Как уже было сказано, чтобы покинуть свою тюрьму, Алиенора не стала ждать прибытия Вильгельма Маршала. Не теряя времени, невзирая на боль утраты (13 июля умерла ее дочь Матильда), в свои шестьдесят пять лет она возобновила политическую деятельность и повела себя как настоящая королева Англии, с полного согласия на то баронов[351]. Тех, по крайней мере, кто сохранил ей верность. Раздор между сыновьями и отцом породил серьезные проблемы — мало кто из баронов не перешел тогда на ту или другую сторону, а потому стоило опасаться «чисток». Подобные опасения мог испытывать, в частности, и Вильгельм Маршал. С начала своего восхождения к власти Ричард напомнил ему о недавнем инциденте, во время которого Вильгельм сразил его коня, чтобы дать возможность старому королю спастись бегством:
«Маршал, прекрасный сир, однажды вы хотели убить меня, и вам бы это удалось, вне всякого сомнения, если бы я своей рукой не отвел вашего копья; для вас это был крайне плохой день». Вильгельм отвечал графу: «У меня никогда не было намерения убивать вас, и никогда я не стремился этого сделать; мое копье до сих пор мне послушно <…>; если бы я желал убить вас, я поразил бы вас со всей силы, подобно тому, как поступил я с вашим конем. Убив его, я, надеюсь, не совершил злодеяния и не раскаиваюсь в этом» <…>. Вот как ответил ему граф: «Я прощаю вас, Маршал, и никогда не буду держать злобы на вас за этот поступок»[352].
Таким образом, Вильгельм мог быть спокоен насчет своей дальнейшей судьбы — Ричард простил его. Более того: Маршалу, которому тогда было под пятьдесят лет, Ричард дал в жены одну из самых богатых наследниц в Англии, юную Изабеллу де Клер, семнадцатилетнюю графиню Стригайла и Пемброка, — этот брак превратил Вильгельма в одного из самых богатых баронов королевства, в чьем владении окажутся многочисленные земли Ирландии[353]. Король умело подчеркнул, что его отец Генрих лишь обещал Вильгельму эти земли — он же отдал их на самом деле. Правда, речь шла об исключительном случае, о признании особой преданности Маршала. Гораздо чаще Ричард требовал от присоединившейся к нему знати выплаты больших штрафов за восстановление в правах.[354]

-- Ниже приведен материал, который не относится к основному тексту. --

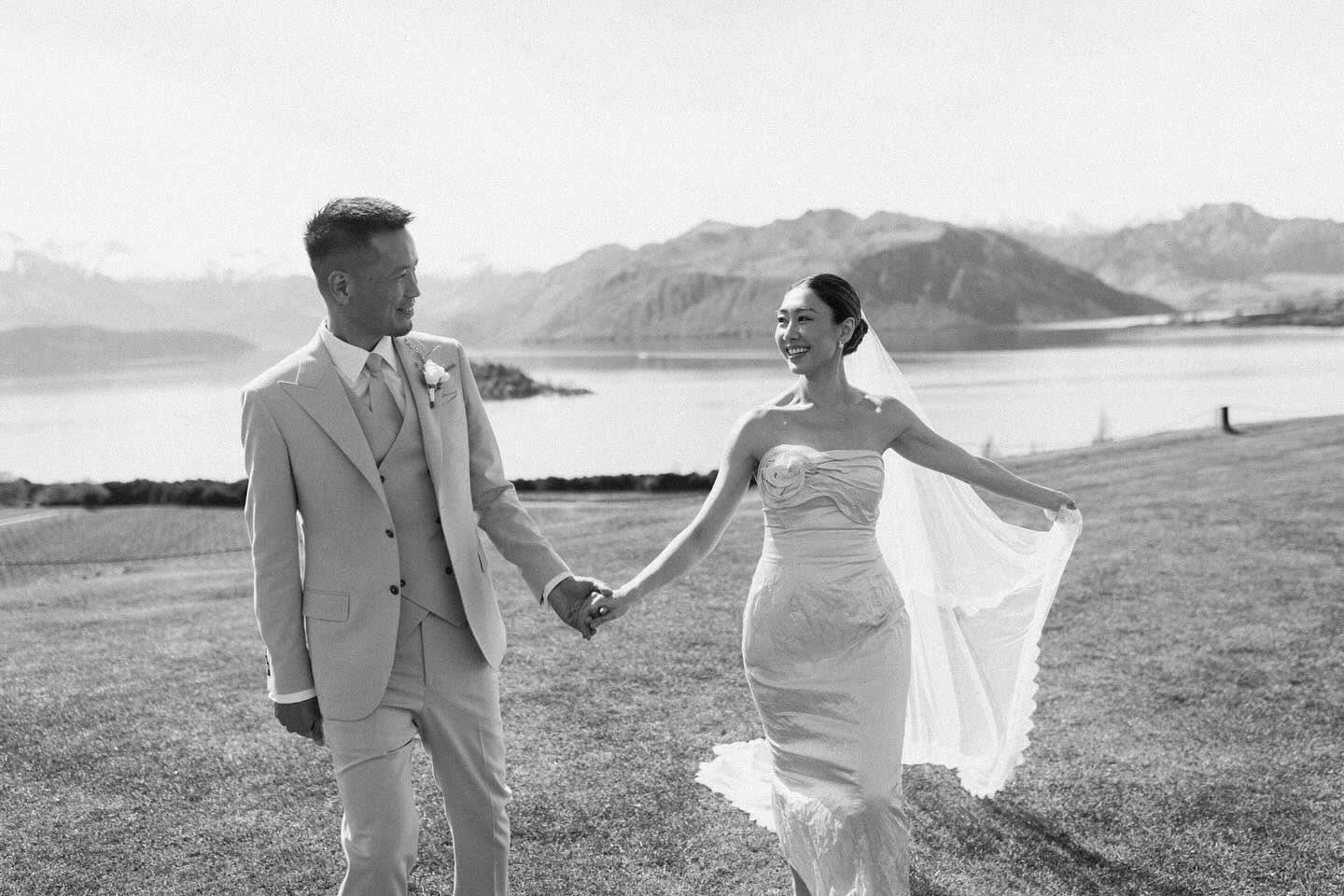 胡定欣與陳健華醫生結婚。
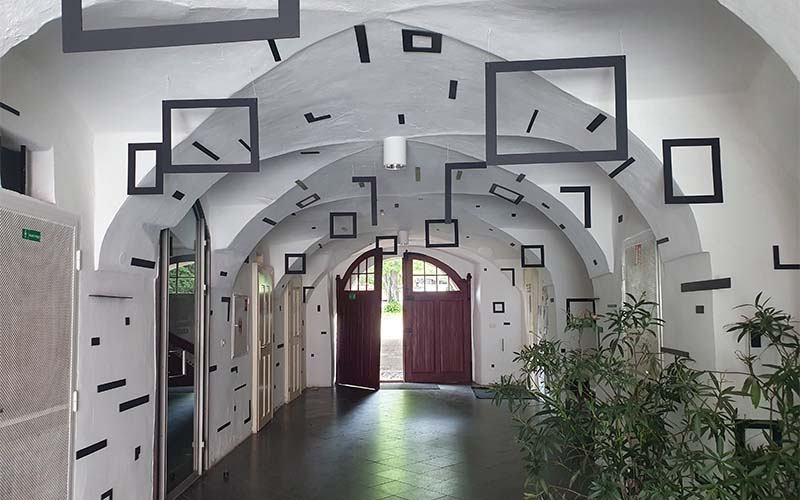 Im Durchgang des Josef Hoffmann Museum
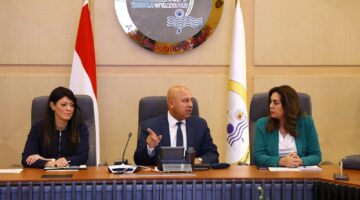 الوزير يتابع تنفيذ مشروعات التنمية الصناعية في الصعيد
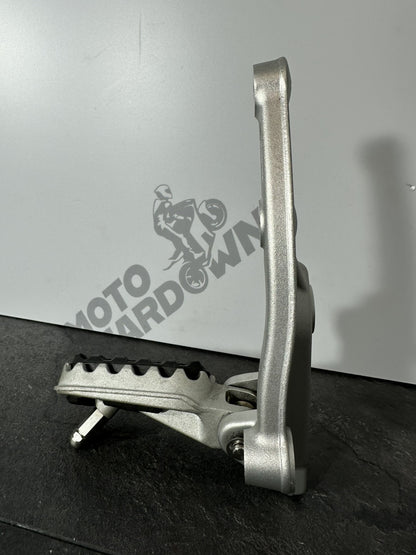 Triumph TIGER 900 GT PRO 2022 Left Footrest Rearset Hanger 6337m 2020-2023 OEM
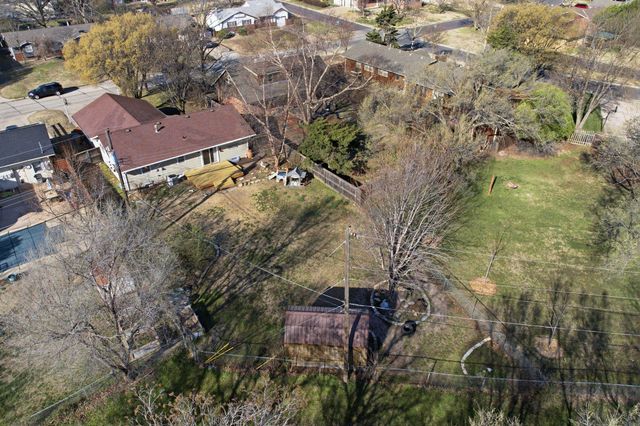 4428 Gunnison St, Bel Aire, KS 67220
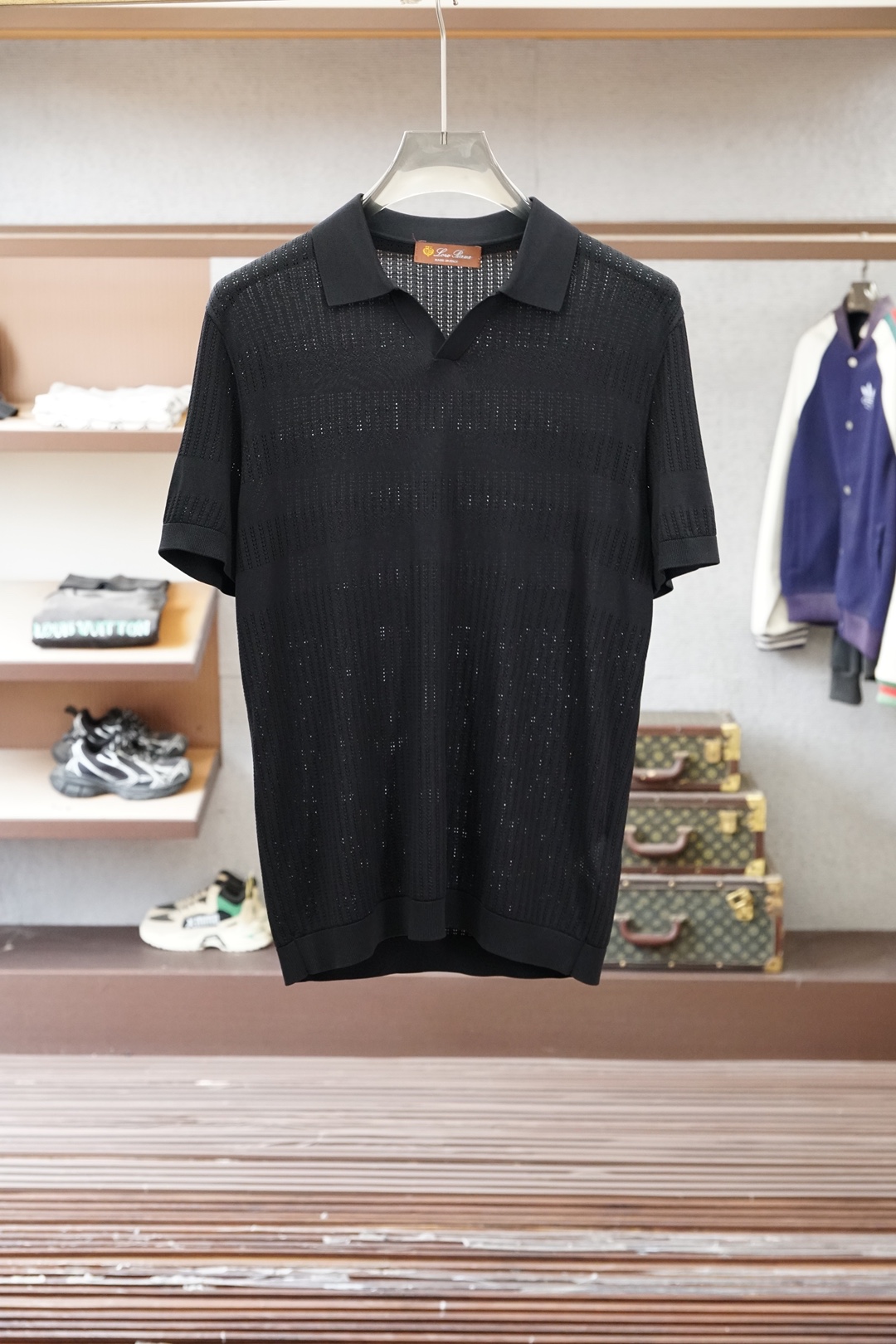 Loro piana_桑蚕丝伊力特Polo衫，高级感满满。精选桑蚕丝+伊力特混纺面料，丝滑亲肤、透气垂顺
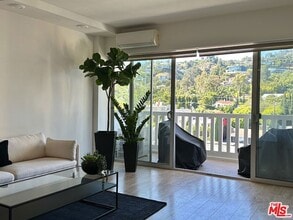 Building Photo - 999 N Doheny Dr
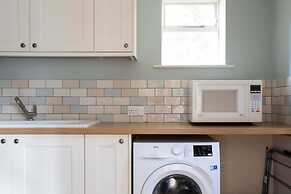 Charming Cottage for 10 in Heart of South Downs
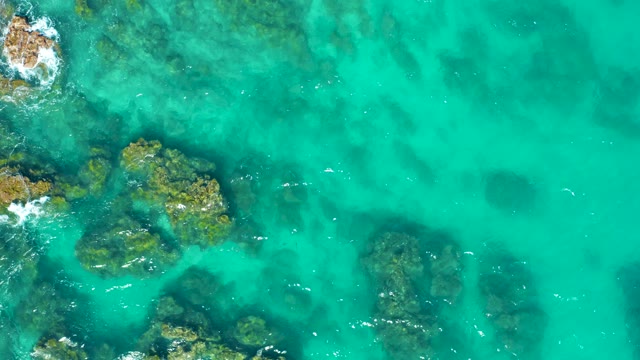 EAST CAPE BCS MEXICO-2020: Rocky Seabed with Turquoise Water and Wave Motion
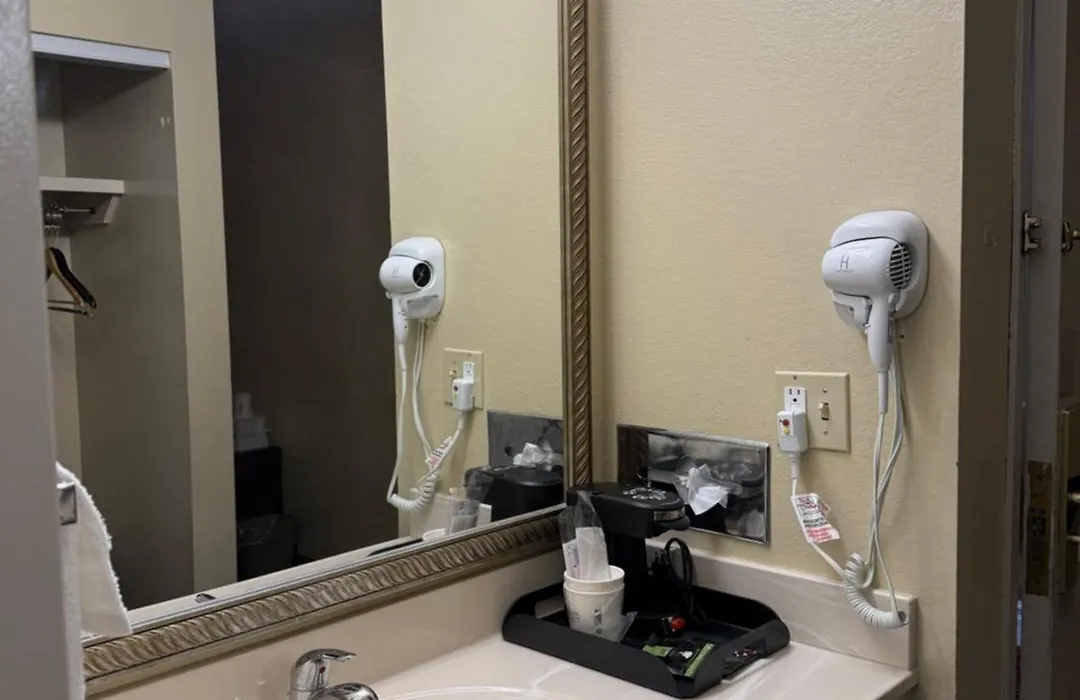 Days Inn By Wyndham St. Louis/Westport Mo-1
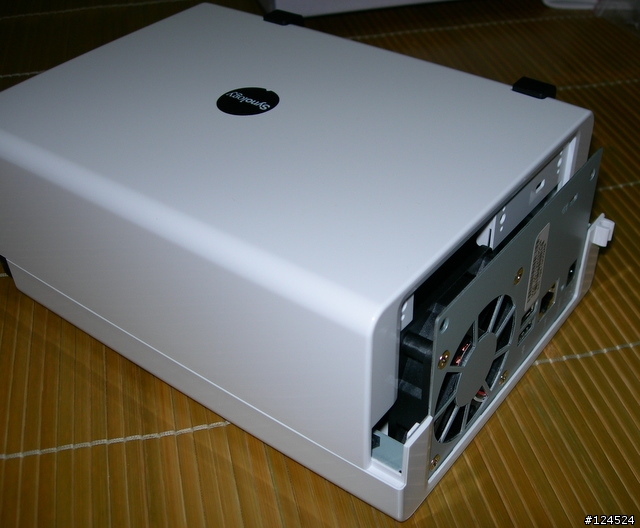 Synology Disk Station DS207+ 開箱照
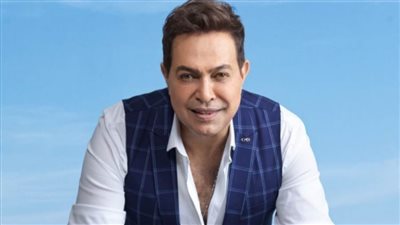 حكيم يحيي ٣ حفلات فى ليلة رأس السنة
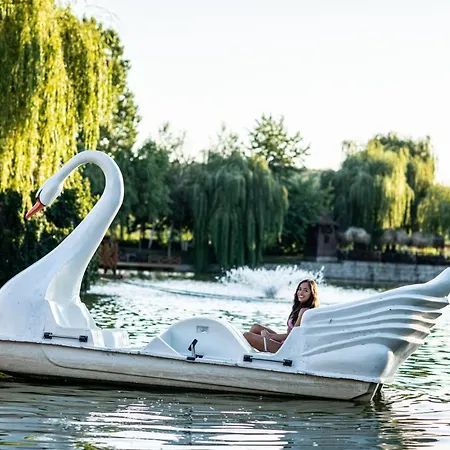 The Wind Mills Hydropark 4*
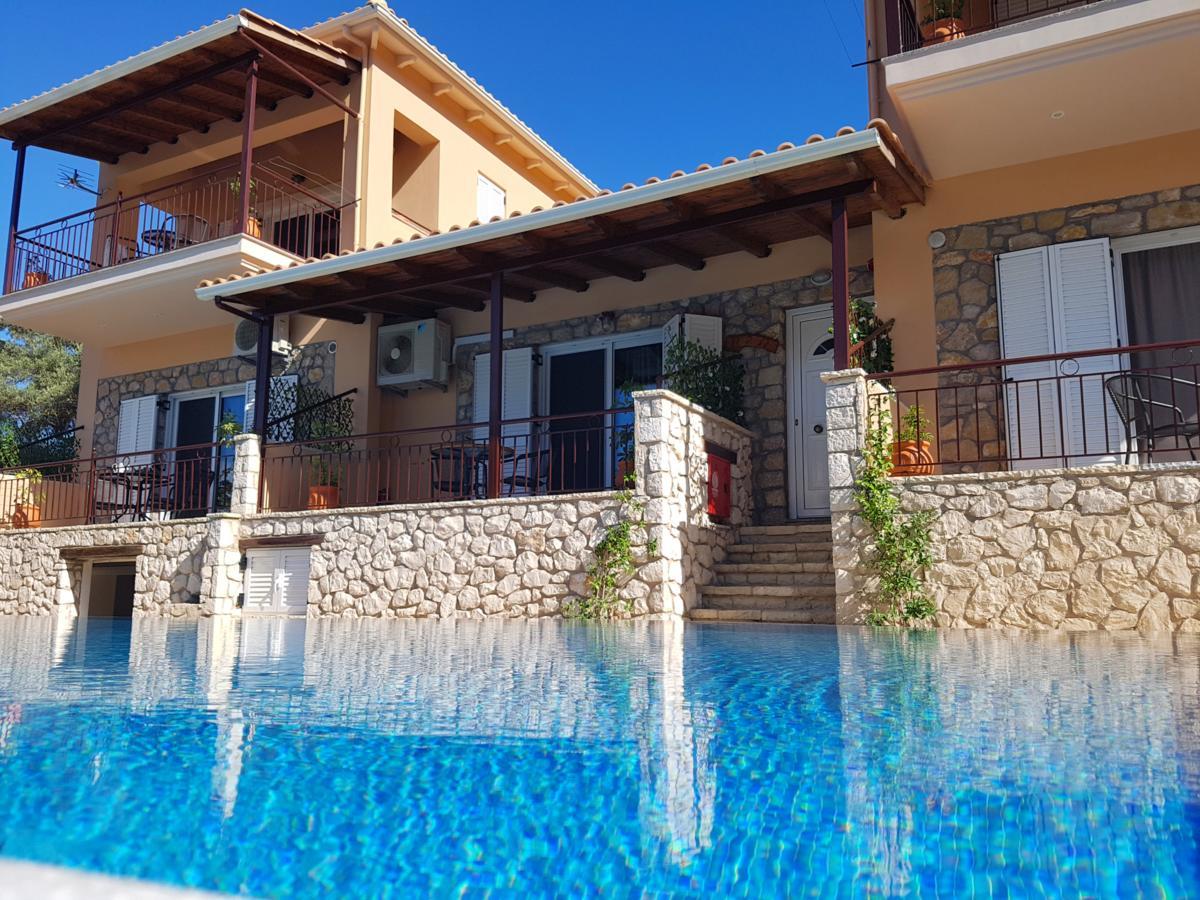Alkionis Pool View Apartments Lefkáda エクステリア 写真
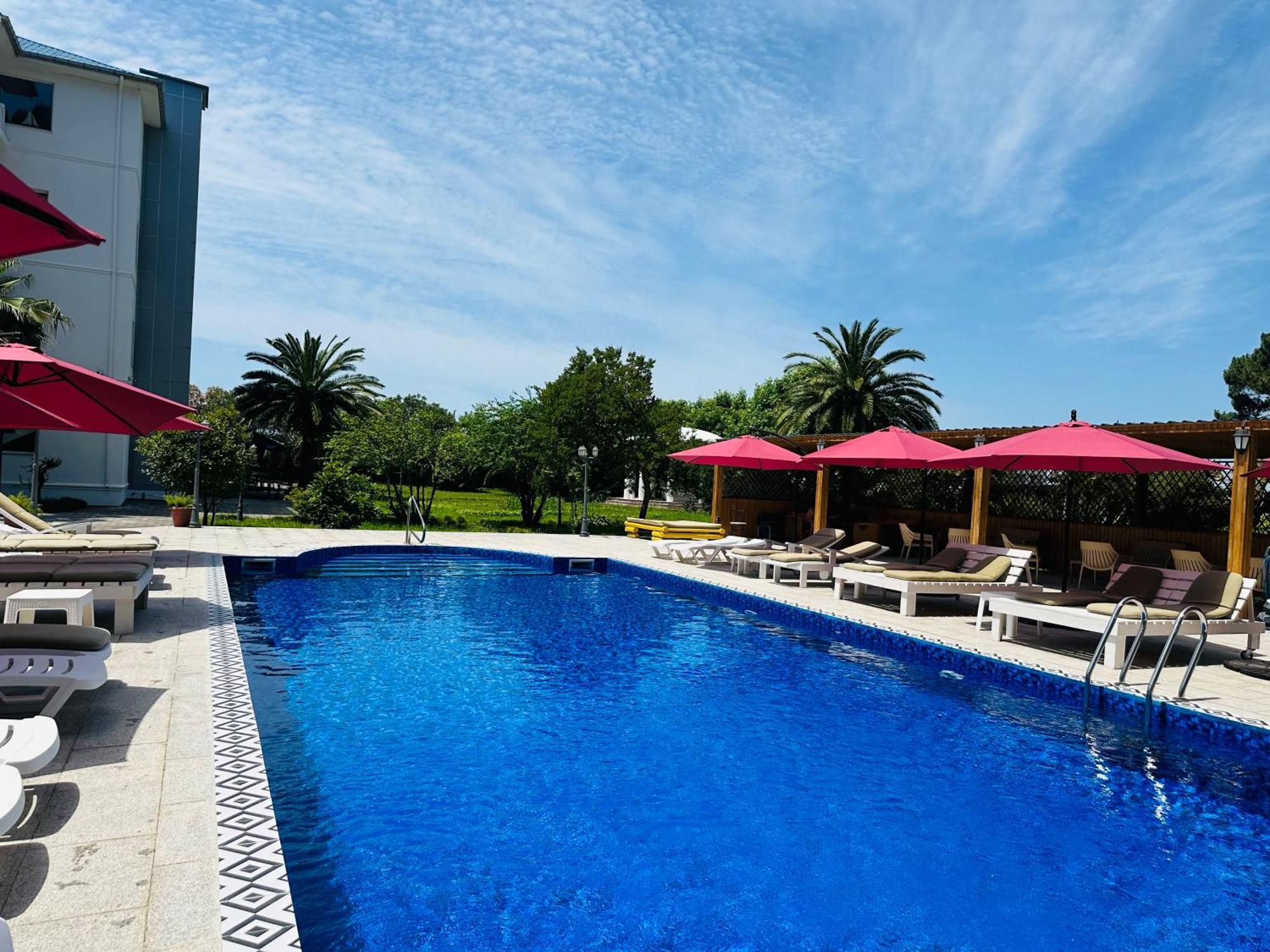 Claude Monet Beach Hotel อูเรคี ภายนอก รูปภาพ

20 июля 1189 г. архиепископ Руанский опоясал Ричарда герцогским мечом Нормандии и передает ему хоругвь герцогства[355]. Итак, Ричард стал назначенным наследником. Тотчас же он продемонстрировал свою щедрость, предприняв политические шаги, с помощью которых наделся упрочить свою власть в регионе: так, наследнику графства Першского Ротру он отдал в жены свою племянницу Матильду, дочь его недавно умершей сестры Матильды и Генриха Льва, благодаря чему он приобрел в этом стратегически важном регионе ценного союзника. Прежде чем отправиться в Англию, чтобы получить корону, Ричард также принял меры, способные обеспечить мир в Аквитании, Анжу, Мене и Турени[356].